Entries supplied:
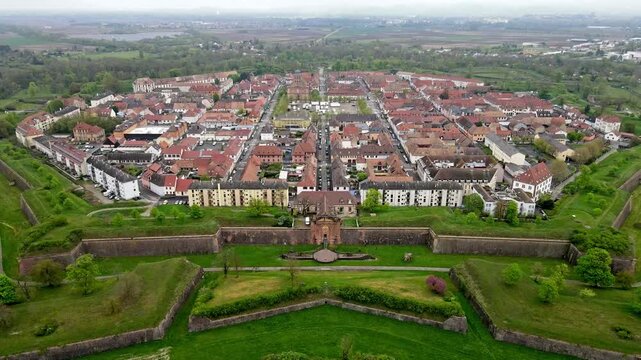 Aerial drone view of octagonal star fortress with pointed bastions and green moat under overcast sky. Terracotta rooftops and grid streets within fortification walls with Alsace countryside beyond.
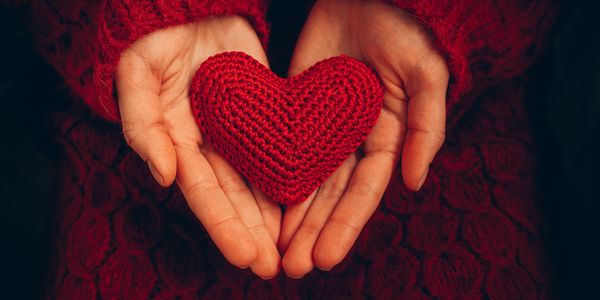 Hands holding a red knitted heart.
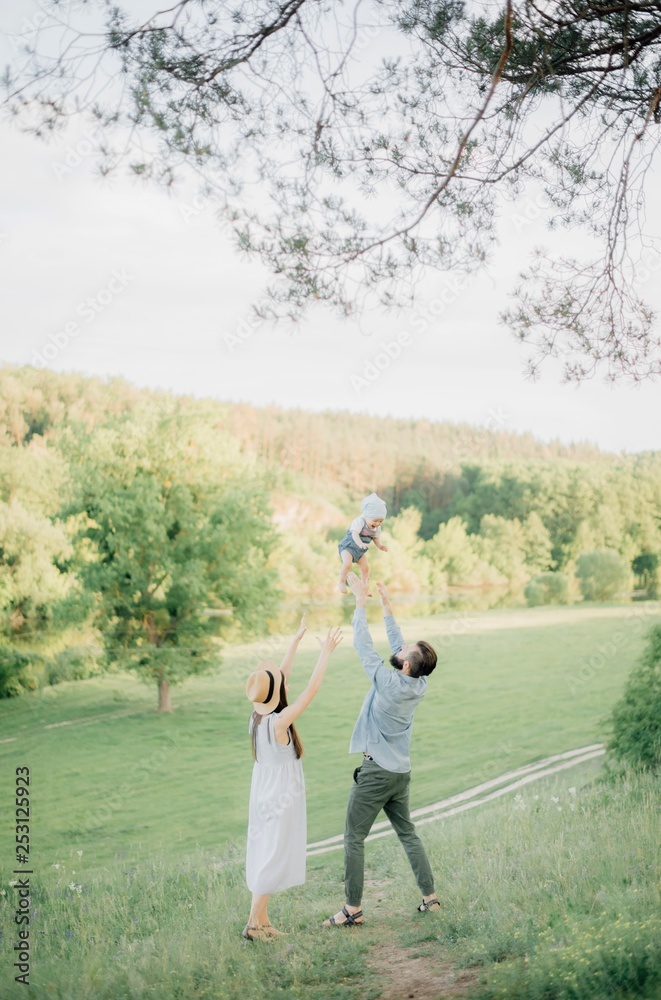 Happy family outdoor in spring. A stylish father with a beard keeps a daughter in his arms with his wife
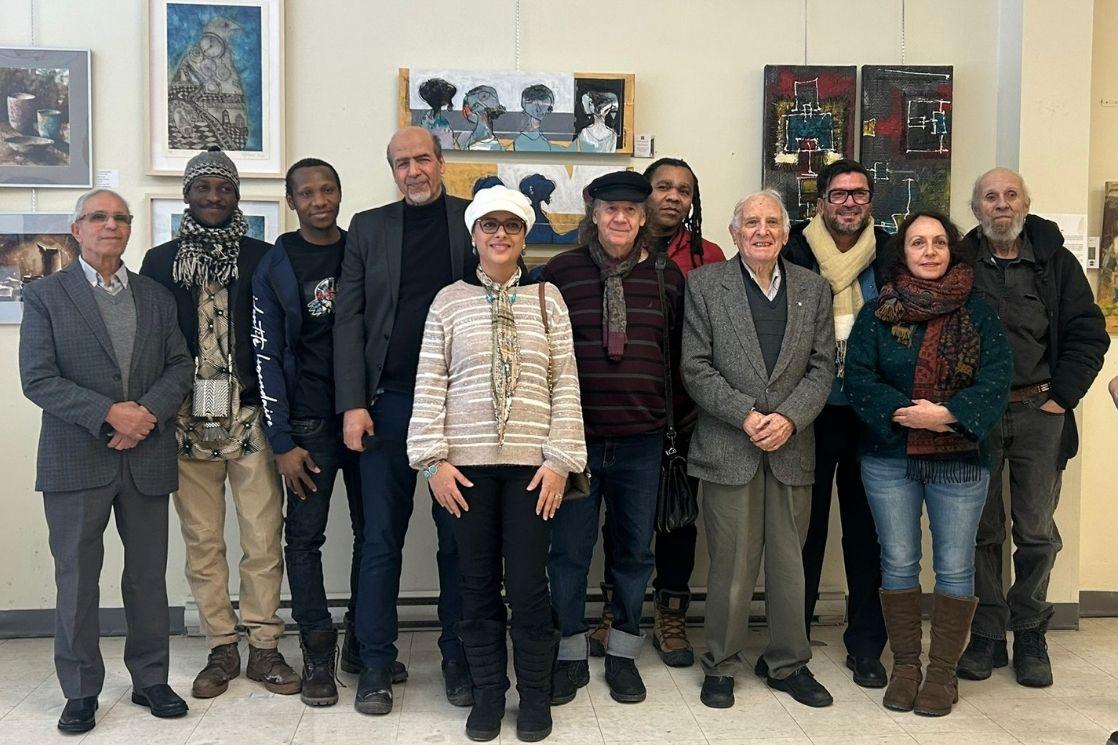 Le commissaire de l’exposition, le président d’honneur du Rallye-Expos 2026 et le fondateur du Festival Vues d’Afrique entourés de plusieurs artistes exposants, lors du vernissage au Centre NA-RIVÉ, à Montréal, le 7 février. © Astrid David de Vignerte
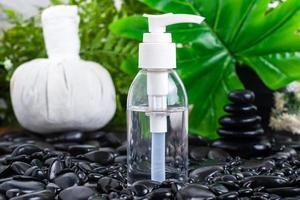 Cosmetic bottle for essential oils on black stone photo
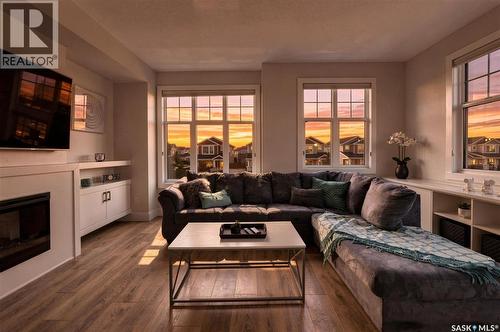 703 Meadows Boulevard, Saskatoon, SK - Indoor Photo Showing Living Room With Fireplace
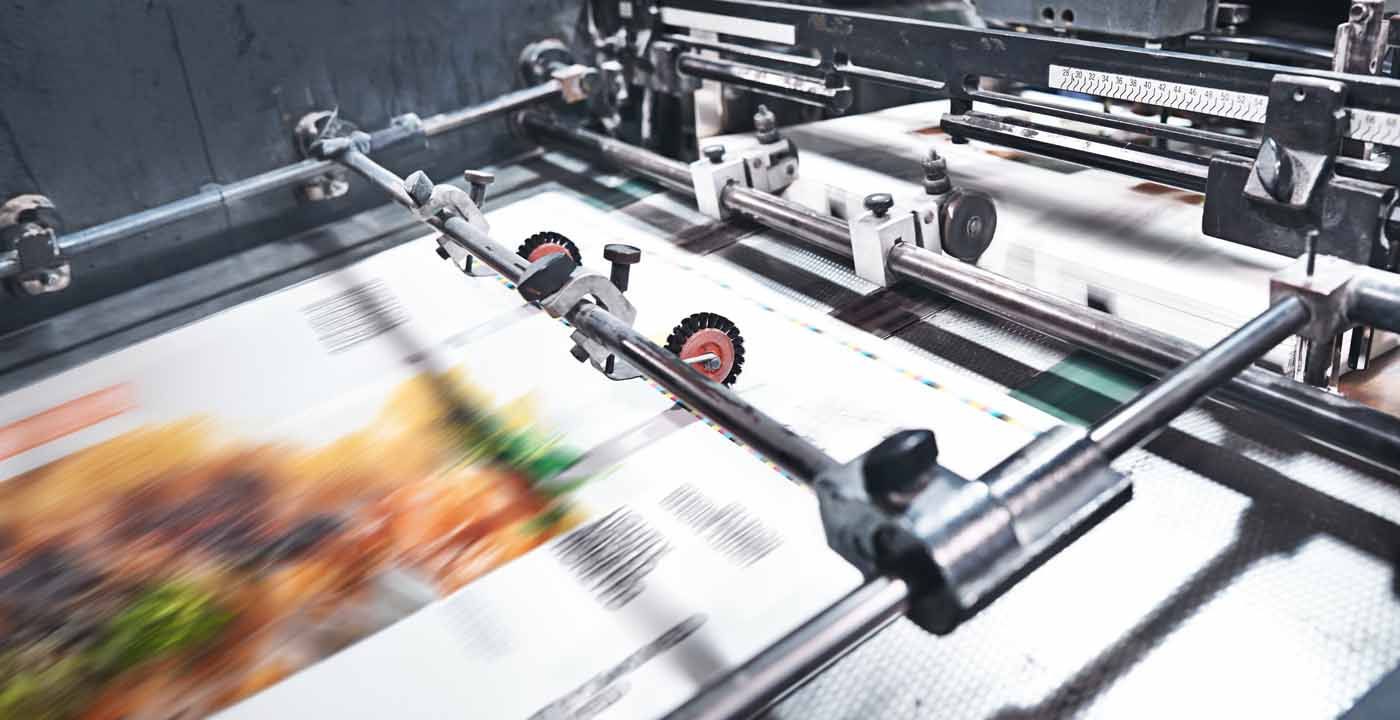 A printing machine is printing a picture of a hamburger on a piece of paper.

Task brief: Word for word, return the listing above; the pictures do not belong in the copy.

Solution to this task:
 Aerial drone view of octagonal star fortress with pointed bastions and green moat under overcast sky. Terracotta rooftops and grid streets within fortification walls with Alsace countryside beyond.
 Hands holding a red knitted heart.
 Happy family outdoor in spring. A stylish father with a beard keeps a daughter in his arms with his wife
 Le commissaire de l’exposition, le président d’honneur du Rallye-Expos 2026 et le fondateur du Festival Vues d’Afrique entourés de plusieurs artistes exposants, lors du vernissage au Centre NA-RIVÉ, à Montréal, le 7 février. © Astrid David de Vignerte
 Cosmetic bottle for essential oils on black stone photo
 703 Meadows Boulevard, Saskatoon, SK - Indoor Photo Showing Living Room With Fireplace
 A printing machine is printing a picture of a hamburger on a piece of paper.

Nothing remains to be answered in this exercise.